ブラジル、EU基準への適合を約束 ブリュッセルで肉の輸入要求めぐり初会合
農務大臣のアンドレ・デ・パウラ氏は、ブラジルの欧州連合駐在大使ペドロ・ミゲル・ダ・コスタ・イ・シルバが13日、水曜日にブリュッセルでEUの衛生当局DG SANTEとブラジル産肉の輸入基準を巡る初会合を行ったと明らかにし、ブラジル政府と民間部門が欧州側の要求に適合するために必要な措置を講じると述べました。

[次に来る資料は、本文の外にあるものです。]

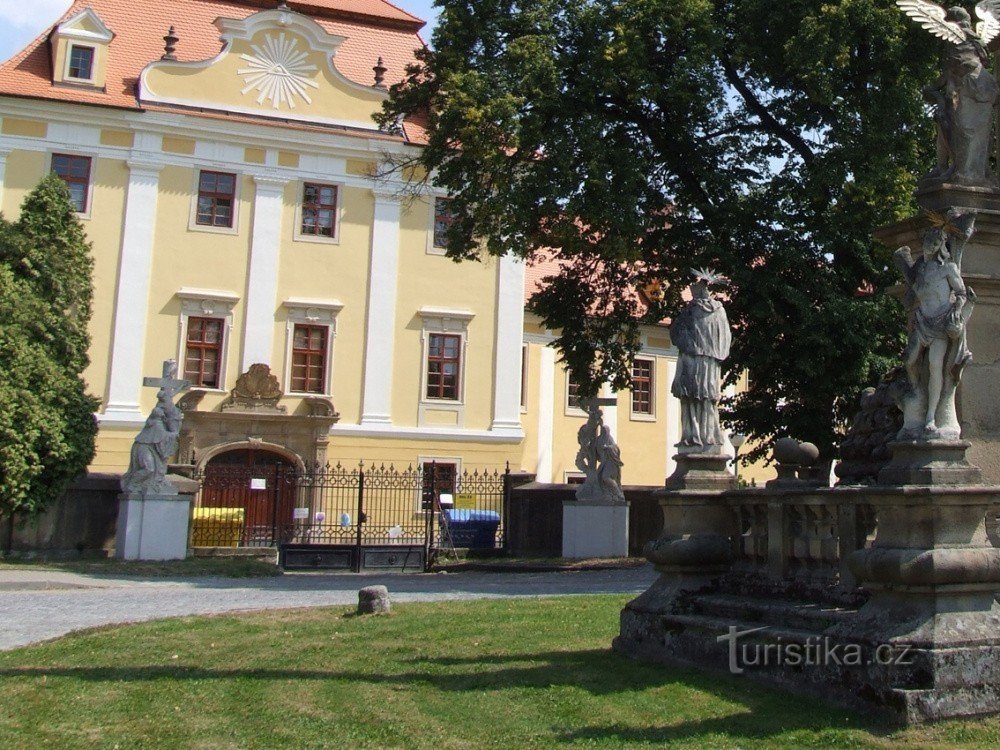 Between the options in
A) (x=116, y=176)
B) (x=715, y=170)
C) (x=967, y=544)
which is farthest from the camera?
(x=116, y=176)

同氏は、会合ではいくつかの点がまだ初期段階にあると指摘され、まずは引き続き重要な協議を重ねることで事態の全容がより明確になるとの認識が共有されたと説明しました。なお、この説明は、ブラジルがEU向けの人間消費用動物性製品の輸出許可国リストから除外されたことを知らされた翌日に行われたもので、EUは当該措置を9月3日発効とする予定であるとしています。
欧州連合側は、畜産における抗菌薬の使用管理に関して十分な保証が提示されていないと判断しており、その結果としてブラジル産の肉にとどまらず卵や魚、食用の生きた動物などについても欧州市場への流入が停止される可能性があると指摘しています。

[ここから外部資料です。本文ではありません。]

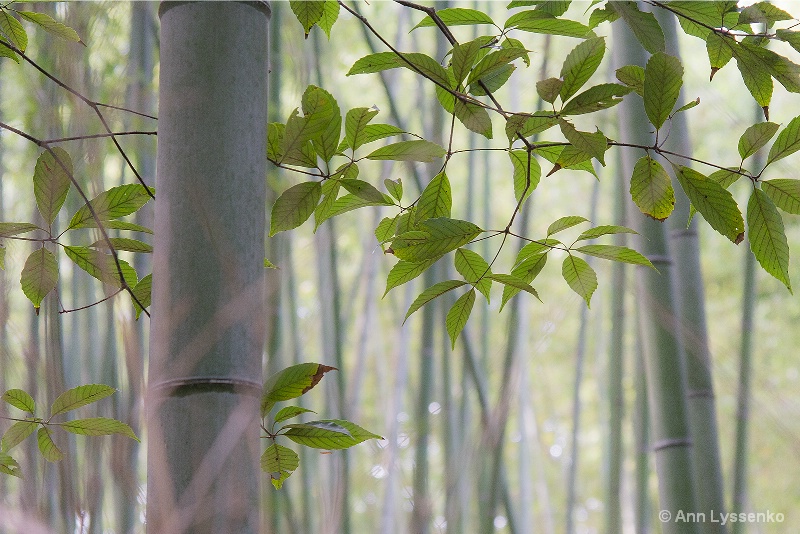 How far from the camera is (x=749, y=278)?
167 centimetres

デ・パウラ氏はブラジリアで開催されたブラジルとうもろこし・ソルガム生産者協会(Abramilho)の会合で、DG SANTEが各製品を個別に評価することを約束したとの前向きな合図があったと述べ、動物性たんぱく質に関する問題はチェーンごとに分析されると説明した一方で、自国は牛に関する交渉プロセスにあったところ突然リストから除外され、その範囲が鶏、卵、蜂蜜、魚に及ぶと発表されたことに驚いたとも語りました。

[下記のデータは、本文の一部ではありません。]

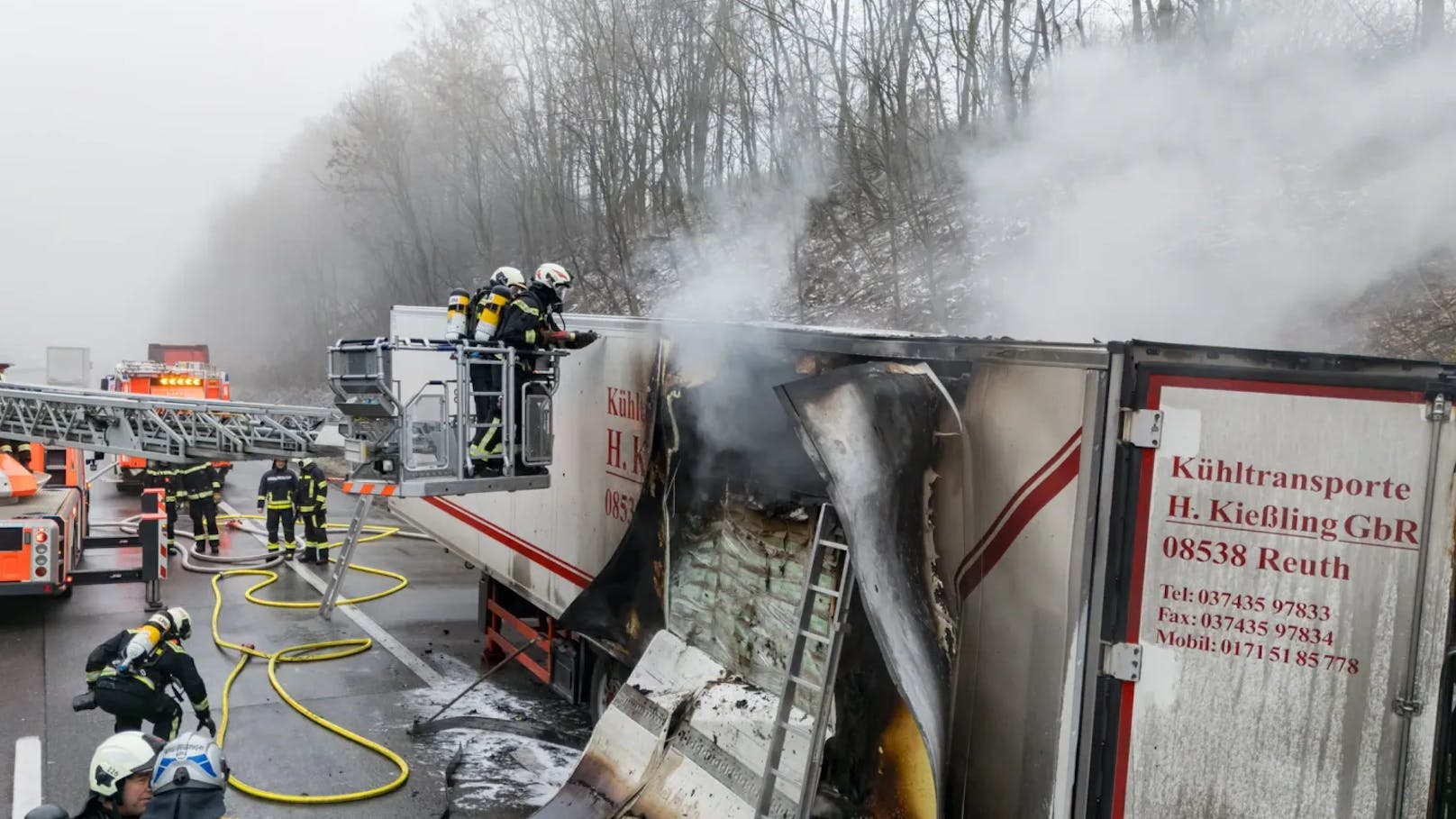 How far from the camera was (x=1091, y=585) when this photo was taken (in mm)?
3652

ブラジル政府は4月に一部の抗菌薬を生産性向上剤としての使用を禁じる政令を公布しているものの、EUは依然として追加の保証が欠けていると評価しており、デ・パウラ氏はブラジル政府と民間が連携してこれらの要求に対応していく姿勢を改めて示しました。今後も駐在大使や関係当局による協議が継続される見通しで、9月3日の措置発効を前に交渉の行方が注目されます。